§ Task data
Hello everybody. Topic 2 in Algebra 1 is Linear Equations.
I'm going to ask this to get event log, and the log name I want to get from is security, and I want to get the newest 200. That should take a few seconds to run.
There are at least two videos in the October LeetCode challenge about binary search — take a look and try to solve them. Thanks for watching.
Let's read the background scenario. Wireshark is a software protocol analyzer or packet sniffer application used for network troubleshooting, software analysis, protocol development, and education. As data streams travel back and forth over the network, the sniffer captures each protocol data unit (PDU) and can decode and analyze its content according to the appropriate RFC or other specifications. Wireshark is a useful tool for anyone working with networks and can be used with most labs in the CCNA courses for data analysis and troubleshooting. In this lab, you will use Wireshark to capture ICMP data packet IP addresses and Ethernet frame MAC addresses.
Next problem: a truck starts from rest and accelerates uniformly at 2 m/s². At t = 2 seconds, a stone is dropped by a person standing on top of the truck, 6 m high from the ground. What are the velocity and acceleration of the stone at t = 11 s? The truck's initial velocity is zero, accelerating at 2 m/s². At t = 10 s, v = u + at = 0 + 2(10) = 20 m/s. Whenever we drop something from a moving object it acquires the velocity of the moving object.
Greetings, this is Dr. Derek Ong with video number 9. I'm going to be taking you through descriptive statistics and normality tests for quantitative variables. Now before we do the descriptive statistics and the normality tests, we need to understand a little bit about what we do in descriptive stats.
...
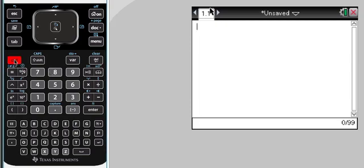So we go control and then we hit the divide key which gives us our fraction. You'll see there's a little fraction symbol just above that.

§ Task
Of the entries listed above, reproduce only the lines starting at the line containing "There are at" and ending at the line containing "Greetings, this is". Include both, exactly as they stand.

§ Answer section
There are at least two videos in the October LeetCode challenge about binary search — take a look and try to solve them. Thanks for watching.
Let's read the background scenario. Wireshark is a software protocol analyzer or packet sniffer application used for network troubleshooting, software analysis, protocol development, and education. As data streams travel back and forth over the network, the sniffer captures each protocol data unit (PDU) and can decode and analyze its content according to the appropriate RFC or other specifications. Wireshark is a useful tool for anyone working with networks and can be used with most labs in the CCNA courses for data analysis and troubleshooting. In this lab, you will use Wireshark to capture ICMP data packet IP addresses and Ethernet frame MAC addresses.
Next problem: a truck starts from rest and accelerates uniformly at 2 m/s². At t = 2 seconds, a stone is dropped by a person standing on top of the truck, 6 m high from the ground. What are the velocity and acceleration of the stone at t = 11 s? The truck's initial velocity is zero, accelerating at 2 m/s². At t = 10 s, v = u + at = 0 + 2(10) = 20 m/s. Whenever we drop something from a moving object it acquires the velocity of the moving object.
Greetings, this is Dr. Derek Ong with video number 9. I'm going to be taking you through descriptive statistics and normality tests for quantitative variables. Now before we do the descriptive statistics and the normality tests, we need to understand a little bit about what we do in descriptive stats.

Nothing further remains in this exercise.